▶ _Supplied entries_:
::::
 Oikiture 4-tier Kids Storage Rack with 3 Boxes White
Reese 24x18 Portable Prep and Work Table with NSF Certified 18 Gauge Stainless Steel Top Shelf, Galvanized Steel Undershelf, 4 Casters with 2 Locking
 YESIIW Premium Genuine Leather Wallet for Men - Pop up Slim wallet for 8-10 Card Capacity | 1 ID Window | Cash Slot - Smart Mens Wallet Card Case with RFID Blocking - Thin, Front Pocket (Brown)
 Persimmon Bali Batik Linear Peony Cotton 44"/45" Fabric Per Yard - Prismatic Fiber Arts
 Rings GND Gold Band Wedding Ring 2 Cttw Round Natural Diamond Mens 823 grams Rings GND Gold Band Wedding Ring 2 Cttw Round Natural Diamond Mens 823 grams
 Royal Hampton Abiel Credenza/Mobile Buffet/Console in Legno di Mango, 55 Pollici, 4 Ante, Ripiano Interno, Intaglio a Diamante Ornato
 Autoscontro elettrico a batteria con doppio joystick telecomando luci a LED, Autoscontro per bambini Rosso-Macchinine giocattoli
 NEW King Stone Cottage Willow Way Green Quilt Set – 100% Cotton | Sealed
::::
▶ _Your assignment_:
All the data needs repeating. Return it exactly.

▶ _Your solution_:
 Oikiture 4-tier Kids Storage Rack with 3 Boxes White
Reese 24x18 Portable Prep and Work Table with NSF Certified 18 Gauge Stainless Steel Top Shelf, Galvanized Steel Undershelf, 4 Casters with 2 Locking
 YESIIW Premium Genuine Leather Wallet for Men - Pop up Slim wallet for 8-10 Card Capacity | 1 ID Window | Cash Slot - Smart Mens Wallet Card Case with RFID Blocking - Thin, Front Pocket (Brown)
 Persimmon Bali Batik Linear Peony Cotton 44"/45" Fabric Per Yard - Prismatic Fiber Arts
 Rings GND Gold Band Wedding Ring 2 Cttw Round Natural Diamond Mens 823 grams Rings GND Gold Band Wedding Ring 2 Cttw Round Natural Diamond Mens 823 grams
 Royal Hampton Abiel Credenza/Mobile Buffet/Console in Legno di Mango, 55 Pollici, 4 Ante, Ripiano Interno, Intaglio a Diamante Ornato
 Autoscontro elettrico a batteria con doppio joystick telecomando luci a LED, Autoscontro per bambini Rosso-Macchinine giocattoli
 NEW King Stone Cottage Willow Way Green Quilt Set – 100% Cotton | Sealed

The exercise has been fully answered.